Pessimism in California commercial real estate giving way to cautious optimism

A mood of optimism is evident in the California commercial real estate industry, despite the mixed economic signals of the past sixth months, according to the latest Allen Matkins/UCLA Anderson Forecast commercial real estate survey. The survey polled a panel of industry professionals on their views of how the market will change over the coming three years.

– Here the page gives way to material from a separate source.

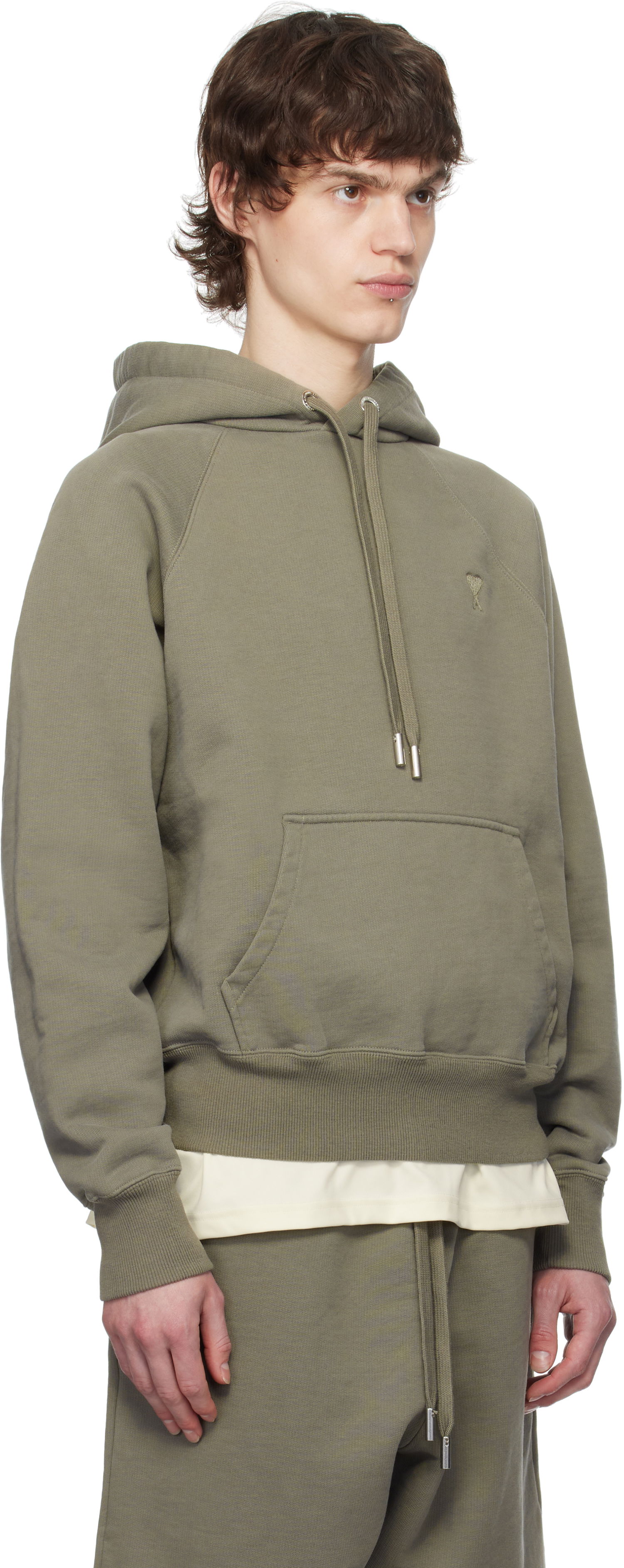 Pulover AMI AMI Paris Ami de Coeur Cotton Hoodie Zelena | USW274.747, 1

In an essay titled “California Office and Industrial Markets: A Recovery Begins,” Jerry Nickelsburg, a senior economist with the UCLA Anderson Forecast, writes that despite recent events, including the U.S. economy nearly stalling, with GDP growth below 2 percent, and shaky confidence in the various stock markets, the industry’s cautious optimism is driven by steady employment gains in coastal California.

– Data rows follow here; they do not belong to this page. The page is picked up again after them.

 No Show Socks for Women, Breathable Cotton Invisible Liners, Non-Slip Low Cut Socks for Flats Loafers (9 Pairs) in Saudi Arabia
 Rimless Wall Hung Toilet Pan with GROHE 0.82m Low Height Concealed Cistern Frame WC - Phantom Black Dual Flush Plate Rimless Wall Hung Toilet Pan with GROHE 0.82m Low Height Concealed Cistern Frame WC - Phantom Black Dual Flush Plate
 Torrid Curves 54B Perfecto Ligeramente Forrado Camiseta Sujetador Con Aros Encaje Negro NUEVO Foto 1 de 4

Those gains, Nickelsburg says, have been seen primarily among users of office space, particularly in health care and professional, technical and scientific services, as well as among users of industrial space, including the export-related sectors and manufacturing.

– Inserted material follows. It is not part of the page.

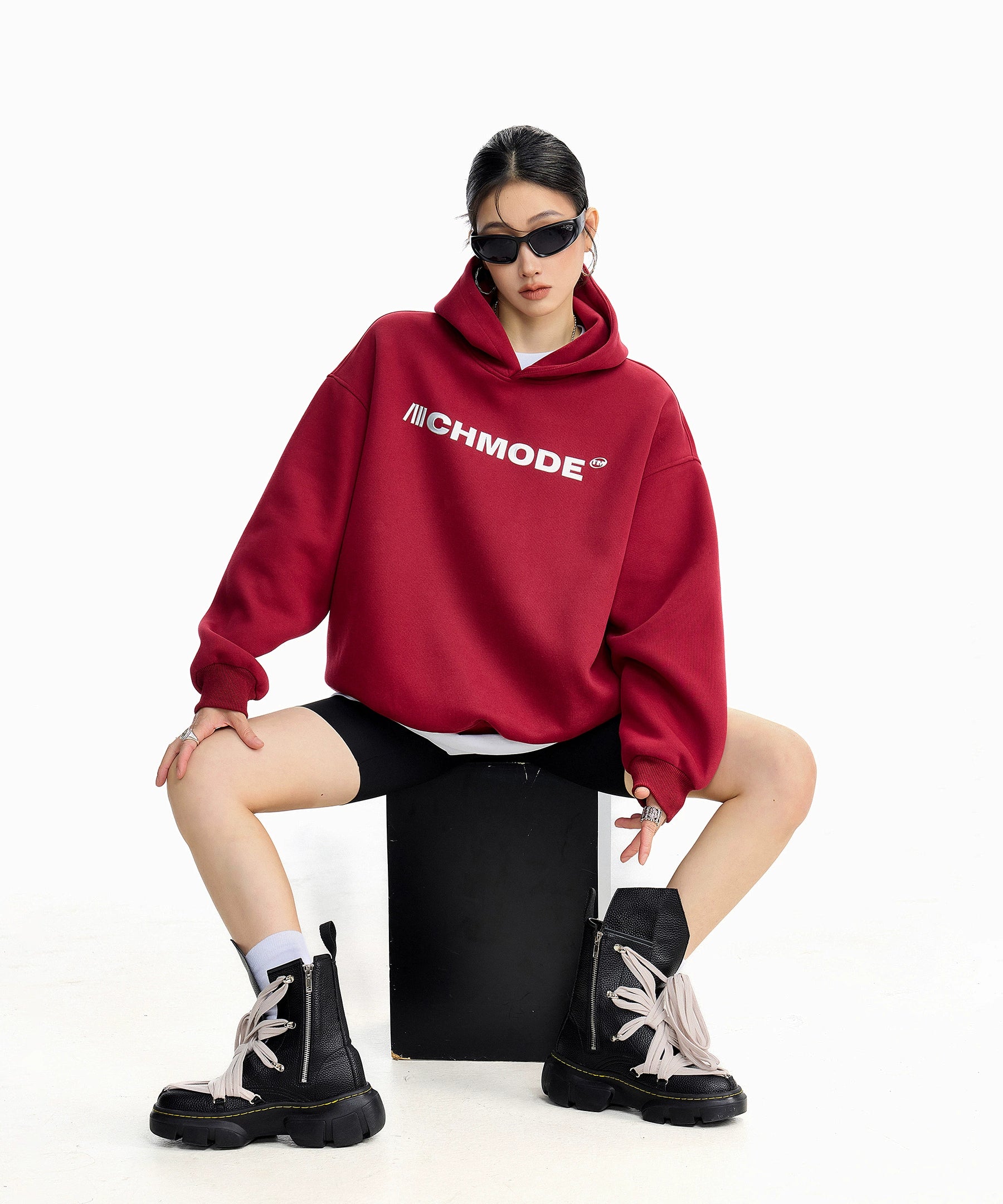 ICH MODE 美式印花黑色连帽卫衣女秋冬宽松流行外套上衣2025新款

The survey looked at the state of commercial real estate in seven California regions: Los Angeles, Orange County, San Diego, San Francisco, the East Bay, Silicon Valley and the Inland Empire.
The economists found that in the Los Angeles and San Diego office markets, vacancy rates are dropping, albeit by an insignificant amoung, but those surveyed remained highly optimistic. In the Bay Area, San Francisco developer sentiment was unaffected by slower economic growth during the last two quarters of 2011, and in the East Bay, sentiment remained optimistic, though slightly less so, with respect to rental rates. With regard to industrial space, the Bay Area professionals surveye were most optimistic about Silicon Valley and least optimistic about San Francisco.